Some of the more than 700 people taking the Michigan exam were locked out of the second of five test modules for close to an hour Tuesday when they couldn't retrieve the password they needed to get into the exam. The Michigan Board of Bar Examiners said after the test ended Tuesday that the password problem was caused by a deliberate cyberattack, or a distributed denial of service (DDOS) on ExamSoft, the vendor Michigan used to administer the test. (DDOS attackers disable servers by overwhelming them with traffic.)
"The first hour-long module was completed without incident; however, prior to the start of the second module, ExamSoft experienced a distributed denial of service (DDOS) cyber-attack that prevented some test takers from accessing their passwords," according to a statement from the board. "After a short delay for some applicants, ExamSoft was able to successfully thwart this attack, and at no time was any test taker data compromised."

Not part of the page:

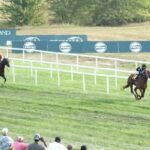 Lagynos may come back for more after Tapit's victory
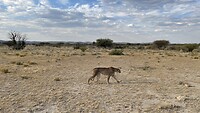 Cheetah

But there is mounting skepticism of that explanation, with some exam watchers saying that placing the blame on an outside cyberattack could be an attempt by vendor ExamSoft to cover up design flaws in its testing software. Casey Cheney, a 2020 graduate of Wayne State University Law School who took the exam, said that candidates were able to access the password for the first module of the exam 35 minutes ahead of time, allowing traffic to the password site to be spread out. But the password for the second module—where the problem arose—was released just five minutes ahead of time and the rush of test takers to the password site may have swamped ExamSoft's server, he said.

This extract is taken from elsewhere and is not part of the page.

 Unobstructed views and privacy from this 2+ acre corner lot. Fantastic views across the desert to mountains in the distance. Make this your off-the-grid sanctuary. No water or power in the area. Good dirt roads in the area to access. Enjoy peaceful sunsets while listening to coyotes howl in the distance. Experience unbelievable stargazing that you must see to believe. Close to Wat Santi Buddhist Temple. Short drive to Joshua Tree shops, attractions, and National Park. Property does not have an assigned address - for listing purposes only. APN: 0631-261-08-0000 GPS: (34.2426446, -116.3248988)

"It could have been a coordinated DDOS attack, but we have yet to see any evidence of that, nor have we seen what this attack was even trying to accomplish," Cheney said Wednesday. "We also know that this is the first time ExamSoft has ever hosted a remote online bar exam, that it was beta-testing the software for it in May, and that it has a track record of failing when lots of people try to use the system at once."
Dallas-based ExamSoft issued a statement Tuesday evening that it was the victim of a DDOS attack five minutes before the second module of the exam was due to start. The company said it's the first time it has been targeted by a DDOS at the network level.
"This was a sophisticated attack specifically aimed at the login process for the ExamSoft Portal which corresponded with an exam session for the Michigan Bar," the statement said. "At no time was any data compromised by this attack. ExamSoft was able to successfully thwart this attack, albeit with a minor delay."
Asked for further comment Wednesday, the company said it's focusing on ensuring the security of future bar exams.
"While we will be adding additional technology to significantly shorten or eradicate any delay or disruption from this type of attack in the future, our system worked as designed and stopped the attack promptly and appropriately without any comprise of data or any software corruption," it said in a prepared statement.
Vania Smith, a recent graduate of Catholic University of America Columbus School of Law, said it's unclear what motive cyberattackers would have to launch a DDOS attack on the bar exam.
"What's the goal?" said Smith, who is organizing advocates for an emergency diploma privilege in Washington, D.C. "Why would someone want to attack the password retrieval site? There seems to be no explanation as to why such an action would benefit anyone."
Cheney noted that the bar authorities in Michigan initially said the delay was due to a "technical glitch" and only blamed a DDOS after the exam had concluded. "This reads like a PR stunt to me," he said. "Rather than 'ill-equipped exam-proctoring company mishandles online bar exam,' it becomes 'exam-proctoring company thwarts cyberattack attempting to foil online bar exam, no data compromised.'"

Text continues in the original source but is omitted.